There are two possible reasons why a film like the bird-watching comedy "The Big Year" isn't shown to critics in advance.
One is that the film isn't very good. Another is that the film seems so deeply confused in tone that studio marketers have no idea how to sell the movie to the public.
The latter would seem to be the case for this odd duck. Advance trailers made it look like a tightly edited comedy riot with Steve Martin, Jack Black and Owen Wilson yukking it up. Rather, these comedic actors all play rather somber fellows, all living with regrets while chasing egrets and owls.
Watching "The Big Year" reveals that moments having nothing to do with one another in the movie were cobbled together to make the trailers in an attempt to pass the picture off as funny. It doesn't work.
It's difficult to determine whether director David Frankel ("The Devil Wears Prada") was attempting to make a straight comedy out of screenwriter Howard Franklin's adaptation of Mark Obmascik's book, which is more thoughtful than wacky.
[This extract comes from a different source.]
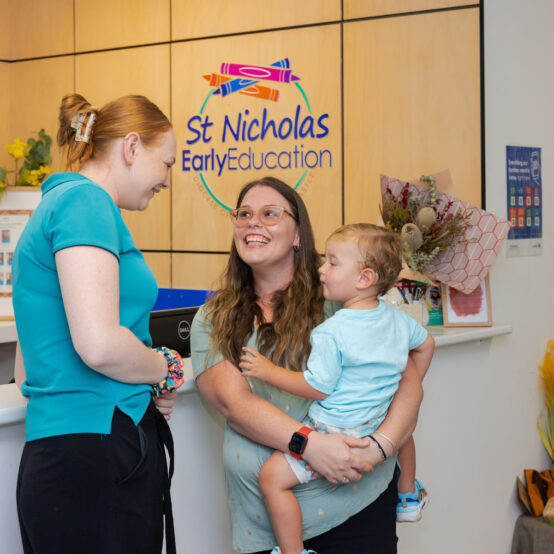 A St Nicholas educator interacting with a parent/carer and preschool child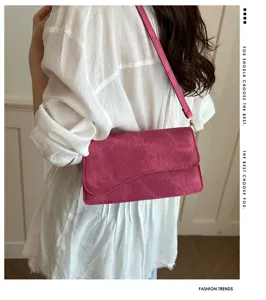 Gedetailleerd overzicht van stijlvolle roze schoudertas met gebogen flap en hardware.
It's a bad fit.
Listening to Franklin's words led me to believe that he was shooting for a kind of heartfelt humor with light drama, like Martin's "Parenthood," which seems better every year as filmmakers try to duplicate its formula and find it nearly impossible to pull off.
"The Big Year" is perhaps most remarkable in the way that it forces its three lead actors to act uncomfortably against type as they chase after a "Big Year," which is a competition among birders to either see or hear the largest number of bird species within a single calendar year.
Martin looks the most comfortable of the three as Stu, a titan of business who's desperate to retire so he can travel cross-country to chase birds and spend more time with his wife, children and grandchildren. The character is so torn that Martin spends most of the movie looking like he has a stomachache, and it makes him look old. That's sad, not funny.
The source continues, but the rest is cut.